A) Wie durchsuche ich an den versch. Stationen das Array nach dem passenden Barcode um dann die Werte einzutragen?

B) Hat jemand vielleicht eine ähnliche Aufgabe gehabt und kann mir diesbezüglich ein Bsp. zukommen lassen

Gruß
Matze


----------



## Blockmove (13 Februar 2011)

tigger schrieb:


> A) Wie durchsuche ich an den versch.

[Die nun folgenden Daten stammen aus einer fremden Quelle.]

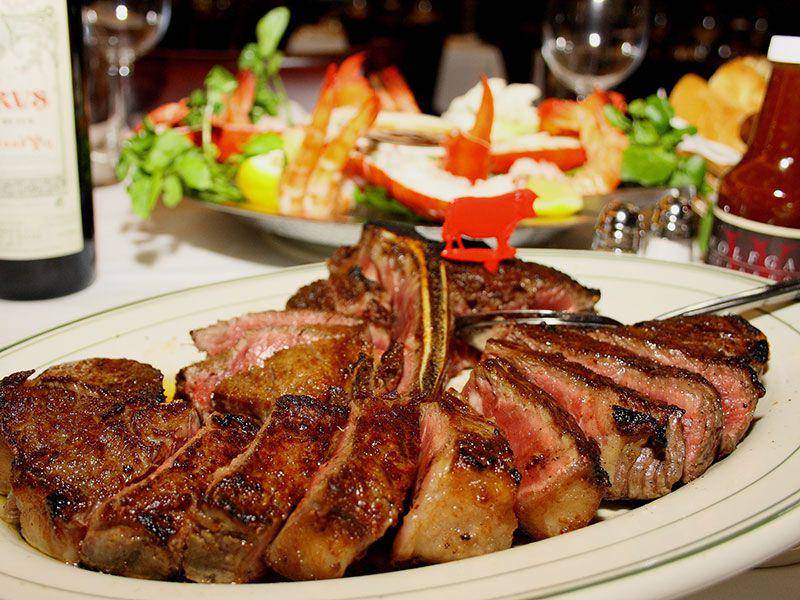 potret makanan di Wolfgang's Steakhouse (wolfgangssteakhouse.sg)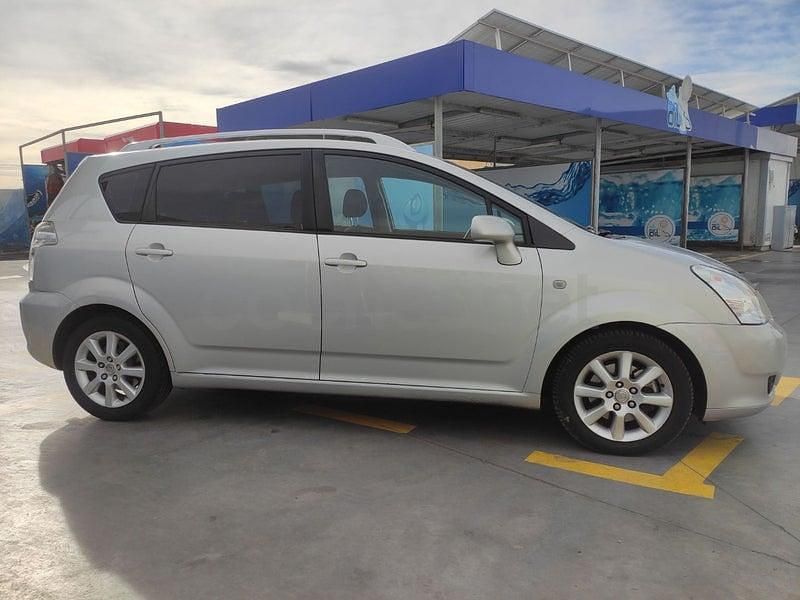 Usado Toyota Corolla Verso Sol 136 CV (100 kW) 2006 Gris / plata Monovolumen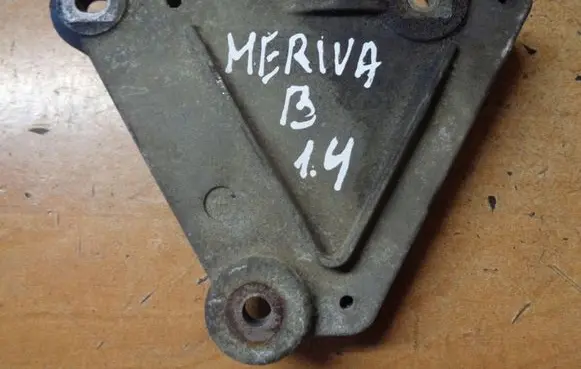 Opel Meriva B A/C compressor mount bracket 55567289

Stationen das Array nach dem passenden Barcode um dann die Werte einzutragen?



Stellt sich erstmal die Frage in welcher Sprache du es machen willst.
Ich würde hier SCL bevorzugen.

Gruß
Dieter


----------



## bike (13 Februar 2011)

Zwar heiße ich nicht Dieter, aber vielleicht kann ich dir helfen.

Du musst zunächst für die maximale Anzahl von Teilen in dem DB deine UDT einbinden.
Wenn du dann den Barcode gelesen hast, schaust du mit einem Pointer ob die vom Scanner gelesene zu einer Nummer im DB passt. 
Wenn dies der Fall ist, hast du den Zeiger und kannst dir die Daten aussuchen. Dein i.O und n.i.O stehen ja immer im selben Offset zu dem Namen des Teils.
Wenn nicht, erhöhst du den Zeiger um die Schrittweite der UDT.

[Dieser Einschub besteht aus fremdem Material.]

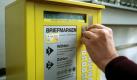 ARCHIV - Ein Kunde steckt eine Münze in einen Briefmarkenautomaten der Deutschen Post in Berlin (Archivfoto vom 26.10.2000). Trotz Schließung vieler herkömmlicher Filialen weitet die Deutsche Post ihr Angebot für Kunden immer weiter aus. Dazu sollen bis Jahresende in rund 1500 Einzelhandelsgeschäften neue Verkaufsstellen eingerichtet werden, wie die Post am Montag (18.08.2008) in Bonn mitteilte. Darüber hinaus sind Briefmarken auch weiterhin rund um die Uhr an 3700 Briefmarkenautomaten erhältlich. Foto: v.Bruchhausen dpa/lnw (zu dpa 0290 vom 18.08.2008) +++(c) dpa - Bildfunk+++
 Foto: dpa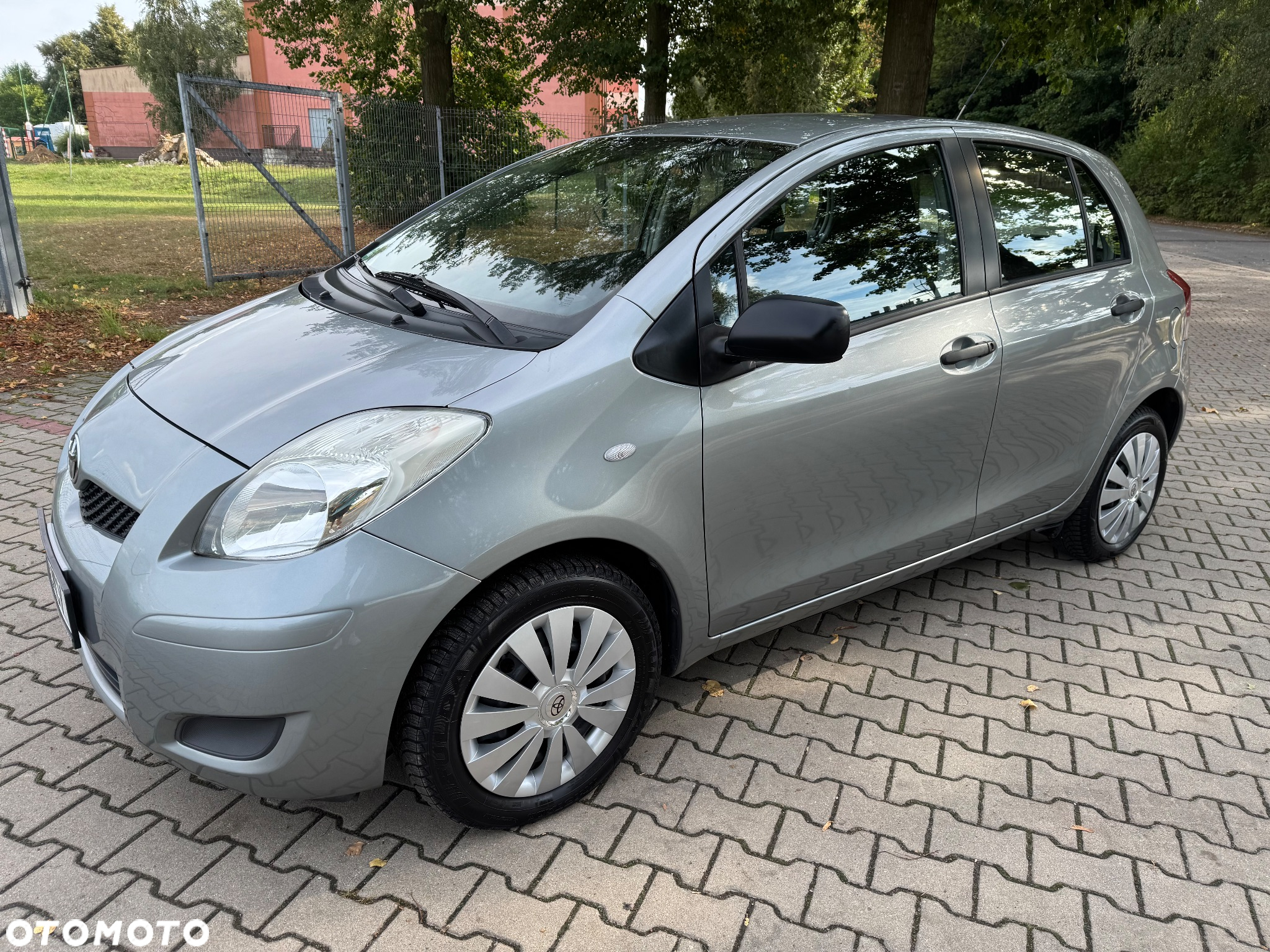 Toyota Yaris - 15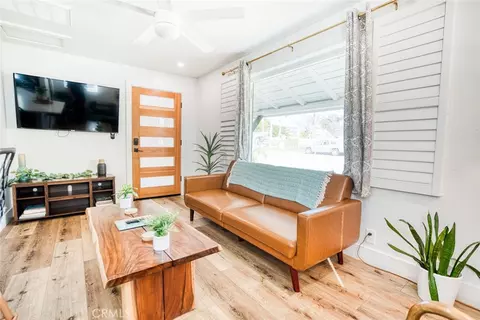 Living - 261 N 13th, Grover Beach, CA 93433 photo 3 of 8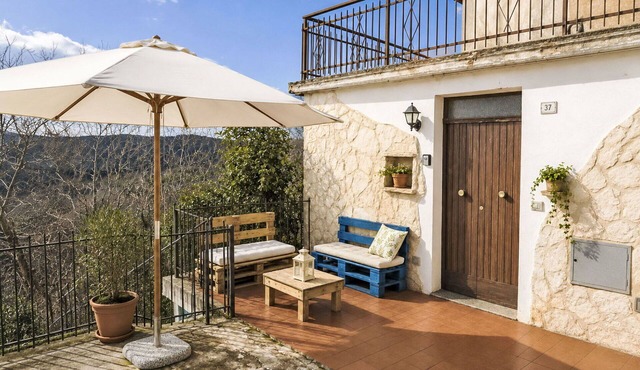 Nice apartment for 4 guests with A/C, WIFI, TV, patio and pets allowed in Narni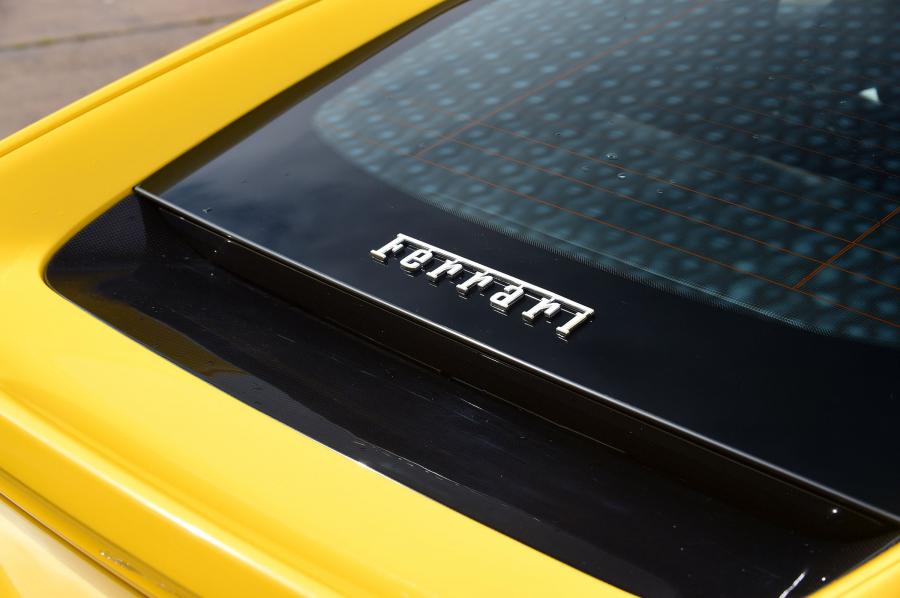 Детали экстерьера Ferrari 812 Superfast 2017 года  (UK) (фото 5 из 25)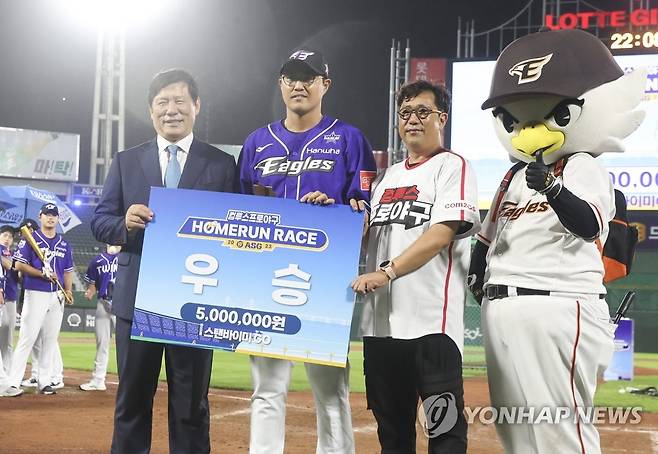 채은성, 생애 첫 올스타전 홈런레이스 우승 (부산=연합뉴스) 강덕철 기자 = 한화 채은성이 14일 오후 부산 사직야구장에서 열린 2023 프로야구 올스타전 '컴투스 프로야구 홈런 레이스'에서 우승상금을 받고 있다.  2023.7.14 kangdcc@yna.co.kr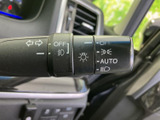 レバーには方向指示やライト類の表示が集まり、文字とマークで機能を確認しやすい配置です。操作に必要な表示を手元で見分けやすく、日常の運転をサポート。さまざまな場面で使う機能がひとまとまりになっています。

Solch eine Funktion würde ich in SCL schreiben, da geht das schnell und sehr gut leserlich.


bike


----------



## tigger (13 Februar 2011)

Blockmove schrieb:


> Stellt sich erstmal die Frage in welcher Sprache du es machen willst.
> Ich würde hier SCL bevorzugen.
> 
> Gruß
> Dieter



Eigentlich ist es mir egal, hauptsache es funzt irgendwie. Hätte vielleicht jemand ein Beispiel für mich?


----------



## bike (13 Februar 2011)

tigger schrieb:


> Eigentlich ist es mir egal, hauptsache es funzt irgendwie. Hätte vielleicht jemand ein Beispiel für mich?



Ich denke es ist nicht Lösung wen du irgend ein Programm hast, das du nicht verstehst und im Problemfall dann Fehler nicht beheben kannst.
Ist es so schwer eine Lösung selbst zu suchen?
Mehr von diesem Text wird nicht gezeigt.